1. dns-based load balancing

how it works? lb.payment.google.com → [IP1, IP2, IP3, ...]

pros? easy, simple, flexible. supports various strategies (round-robin, geo-routing, weighted). great for initial distribution. cons? changes take time due to heavy caching across layers. no real-time load awareness. dns just returns ips, doesn't know actual server load.

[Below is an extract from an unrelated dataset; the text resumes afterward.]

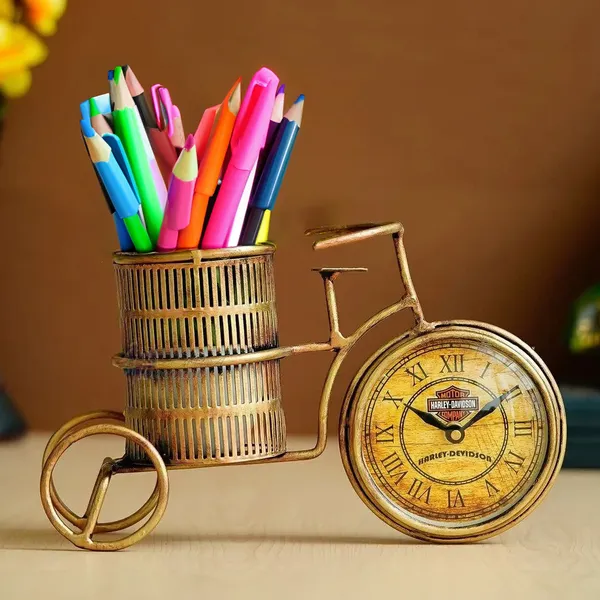 Iron_Pen_Holder/Flower_pot_With_Watch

2. ecmp-based load balancing

equal cost multi-path routing - allows router to have multiple next-hop routes for same destination.

router configuration:

ip route add 10.0.0.100 \
  nexthop via 192.168.1.101 dev eth0 \
  nexthop via 192.168.1.102 dev eth0

on each lb server:

# Both LB1 and LB2 have same IP
ip addr add 10.0.0.100/32 dev lo
ip link set dev lo up

how it works? multiple servers configured with same ip. router distributes traffic based on flow (using ips, ports, protocol). makes connections sticky to specific servers.

3. anycast with bgp

how it works? multiple machines advertise the same ip address globally.

key features? routes to geographically nearest instance. leverages internet's shortest path routing. bgp propagates info about which network is reachable via which path.

requirements? bgp authentication (only authorized nodes can advertise ips) and proper prefix configuration.

who uses this? cdns for edge servers, dns providers (google's 8.8.8.8), and any service needing geo-distribution.

final architecture summary

i ain't drawing it again.

remember: high availability is about having a plan b for your plan b for your plan b. every component should be able to fail without taking down the system. that's the secret sauce.